## ASSIGNED TASK
Give back, word for word, every line from the one containing "Flannelette baby wrap,blanket-Spring" to the end of the listing, and nothing more.

## RECORDS TO USE
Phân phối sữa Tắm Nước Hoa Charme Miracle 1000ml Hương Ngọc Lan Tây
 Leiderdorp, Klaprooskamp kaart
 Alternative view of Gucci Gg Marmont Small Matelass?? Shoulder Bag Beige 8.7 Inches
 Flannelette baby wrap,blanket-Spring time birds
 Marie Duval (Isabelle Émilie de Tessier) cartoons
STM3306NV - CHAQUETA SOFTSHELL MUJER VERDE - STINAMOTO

## RESULT BELOW
 Flannelette baby wrap,blanket-Spring time birds
 Marie Duval (Isabelle Émilie de Tessier) cartoons
STM3306NV - CHAQUETA SOFTSHELL MUJER VERDE - STINAMOTO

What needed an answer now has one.